(EXTRACTED DATA begins)

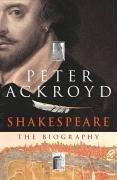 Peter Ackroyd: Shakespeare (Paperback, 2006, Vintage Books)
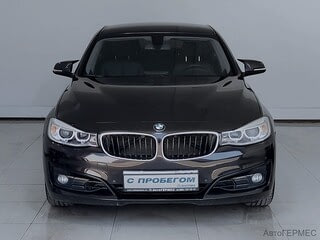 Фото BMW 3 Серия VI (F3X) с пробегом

(EXTRACTED DATA ends)
(EXTRACTED DATA begins)

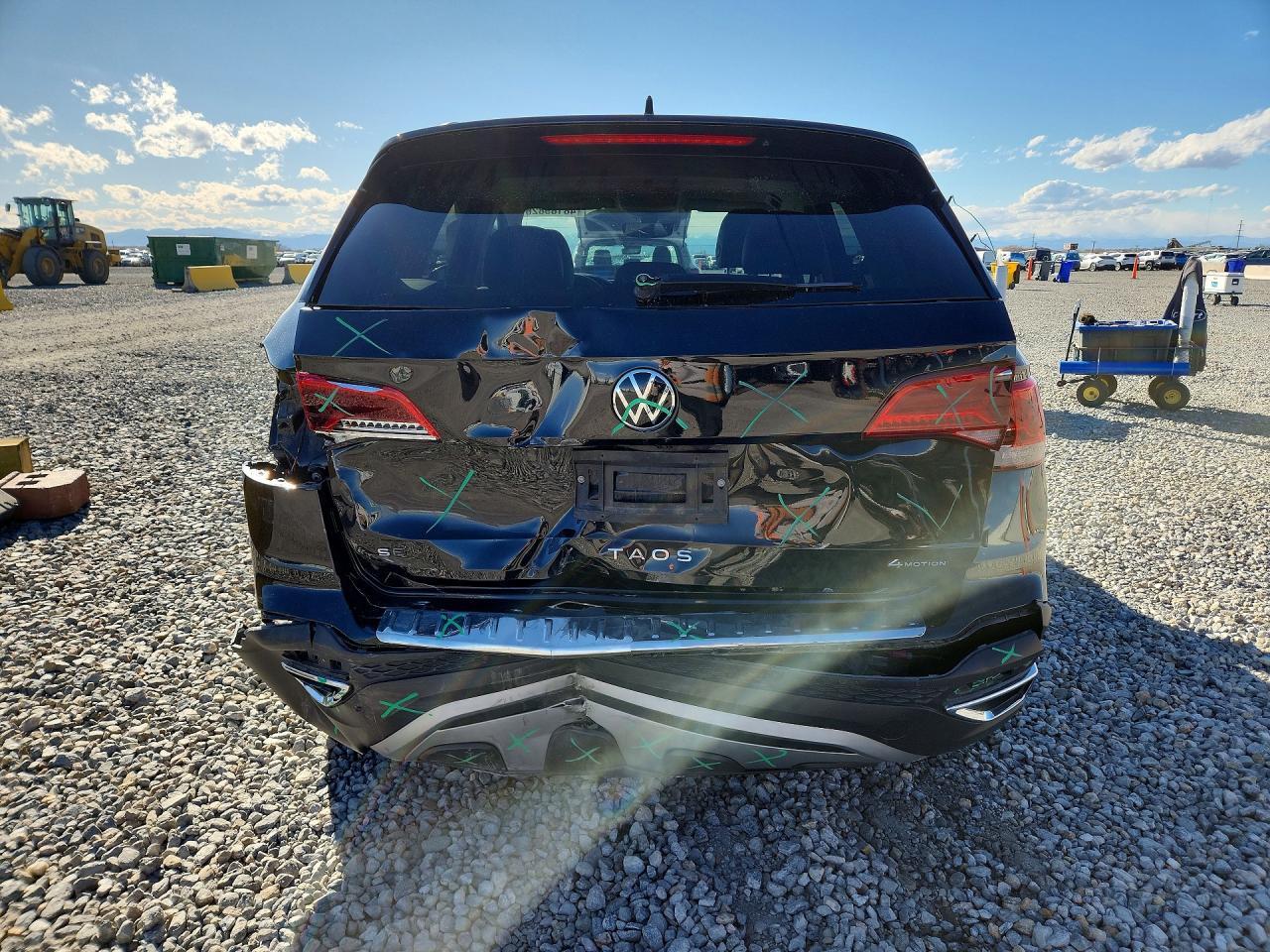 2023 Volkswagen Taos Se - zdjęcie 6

(EXTRACTED DATA ends)
(EXTRACTED DATA begins)

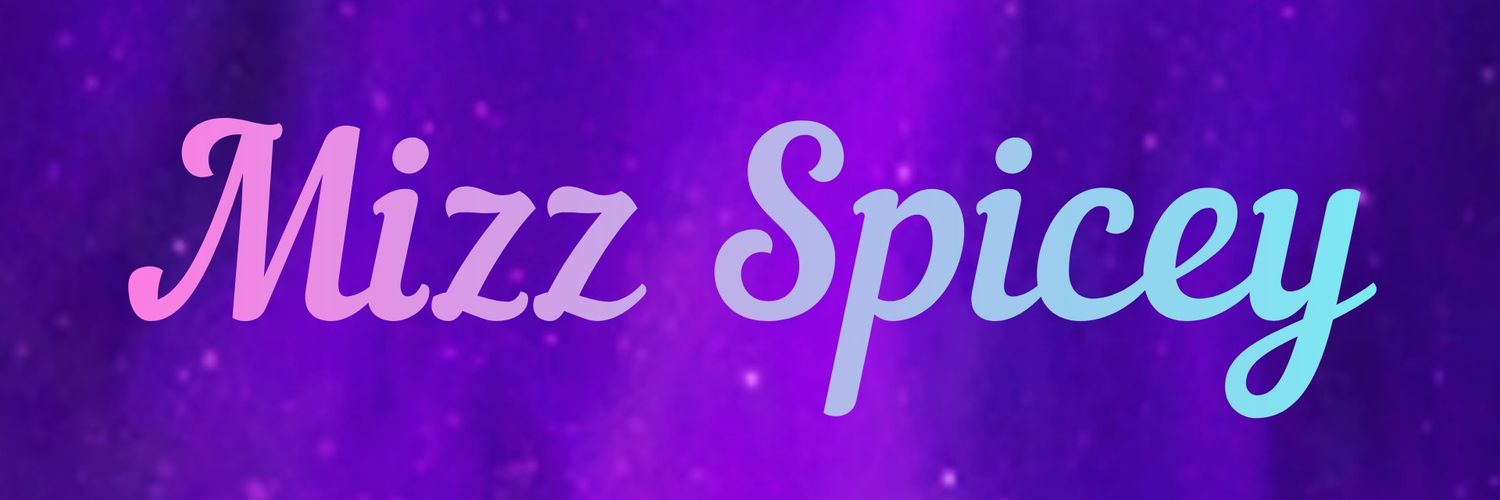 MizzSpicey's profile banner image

(EXTRACTED DATA ends)

Start with the line with "Peter Ackroyd: Shakespeare" in the listing above and stop after the line with "Фото BMW 3 Серия VI (F3X) с пробегом". Write out exactly the lines in that stretch and no others, without pictures.

SOLUTION FOR THIS PROBLEM:
 Peter Ackroyd: Shakespeare (Paperback, 2006, Vintage Books)
 Фото BMW 3 Серия VI (F3X) с пробегом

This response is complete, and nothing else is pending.